New lunch guidelines spark controversy nationwide; local schools see positive response

By: Hope Jensen Email
By: Hope Jensen Email

News 12 This Morning / Thursday, Oct. 4, 2012

COLUMBIA COUNTY, Ga. -- New school lunches this year are causing some controversy across the country. Some students are complaining that the new guidelines don't offer them enough food.

In protest to the new guidelines, students at a Kansas high school rewrote the words from Fun's "We are Young" to "We are Hungry." With over 850,000 views, it's a video that's been seen across the nation. Their main complaint is that active students aren't getting enough calories to make it through the day.

The lyrics say, "Give me some seconds / I need to get some food today / my friends are at the corner store / getting food so they don't waste away ... So if by the time you go to practice and you feel like falling down ... tonight we are hungry."

This year's new lunch guidelines serve high school students 850 calories each day and the big question is: Is that enough?

"We have calorie ranges for elementary, middle and high school and the calorie restrictions are a little tighter than they used to be," said Jane Wiggins, Columbia County director of School Nutrition.

She admits the high school calorie restrictions may not be enough for the most active students.

"What they've done is they've just taken the middle of the road, between a very inactive child to a very active, more of the moderate activity, so if you have a student athlete, it may not be quite enough calories for them to make it through the afternoon," she said.

For those students she suggests bringing a nutritious snack from home to get through practice, but so far schools in our area haven't heard any complaints.

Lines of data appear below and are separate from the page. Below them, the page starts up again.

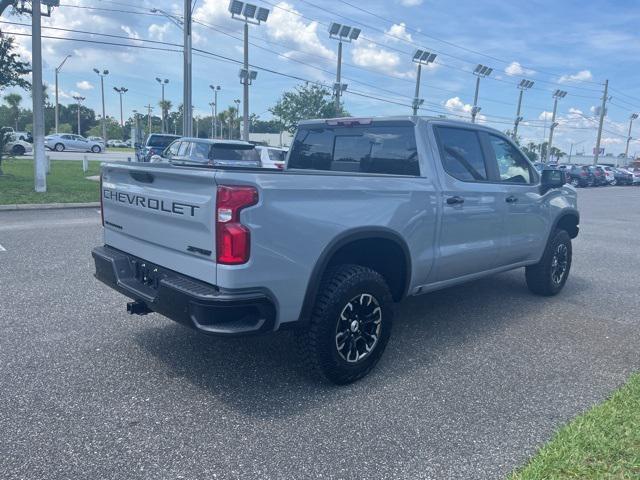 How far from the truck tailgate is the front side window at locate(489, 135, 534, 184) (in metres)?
3.27

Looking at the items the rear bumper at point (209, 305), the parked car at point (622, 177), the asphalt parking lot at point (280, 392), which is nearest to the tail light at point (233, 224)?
the rear bumper at point (209, 305)

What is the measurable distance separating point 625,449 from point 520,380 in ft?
3.44

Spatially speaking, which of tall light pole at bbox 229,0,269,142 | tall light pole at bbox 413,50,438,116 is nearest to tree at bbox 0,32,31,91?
tall light pole at bbox 229,0,269,142

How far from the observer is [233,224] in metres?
2.91

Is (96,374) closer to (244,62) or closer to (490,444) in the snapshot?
(490,444)

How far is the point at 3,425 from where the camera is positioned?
301cm

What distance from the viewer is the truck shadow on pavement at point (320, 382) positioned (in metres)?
3.54

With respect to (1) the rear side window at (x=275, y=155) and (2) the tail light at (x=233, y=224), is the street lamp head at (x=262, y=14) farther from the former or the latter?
(2) the tail light at (x=233, y=224)

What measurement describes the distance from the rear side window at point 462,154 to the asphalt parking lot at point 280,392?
1502mm

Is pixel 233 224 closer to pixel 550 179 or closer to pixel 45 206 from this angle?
pixel 550 179

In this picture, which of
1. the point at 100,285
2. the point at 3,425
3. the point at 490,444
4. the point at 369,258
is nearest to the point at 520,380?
the point at 490,444

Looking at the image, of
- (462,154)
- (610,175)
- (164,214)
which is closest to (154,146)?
(462,154)

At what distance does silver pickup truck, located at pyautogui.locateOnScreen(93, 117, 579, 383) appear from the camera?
2.99m

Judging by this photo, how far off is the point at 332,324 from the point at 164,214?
1.34m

"We've had very positive response to this new change," Wiggins said.

The schools check students trays every day looking at what's being eaten and what's not.

"I talk to the students, I talk to the people who are running the dishroom that see the waste that comes back," Wiggins said. "We have seen very little waste."

Aiken and Richmond county schools say they haven't heard any complaints either. Richmond County does waste study where they look through the trash to see what is and isn't being eaten. They say the only request they've gotten is for french fries more than once a week.

The new guidelines offer five components (protein, grain, fruit, vegetable and milk) and the students must take three and one must be a fruit or vegetable. Some of the changes they've made have been simple, changing pizza crust to whole grain and the bread to whole wheat.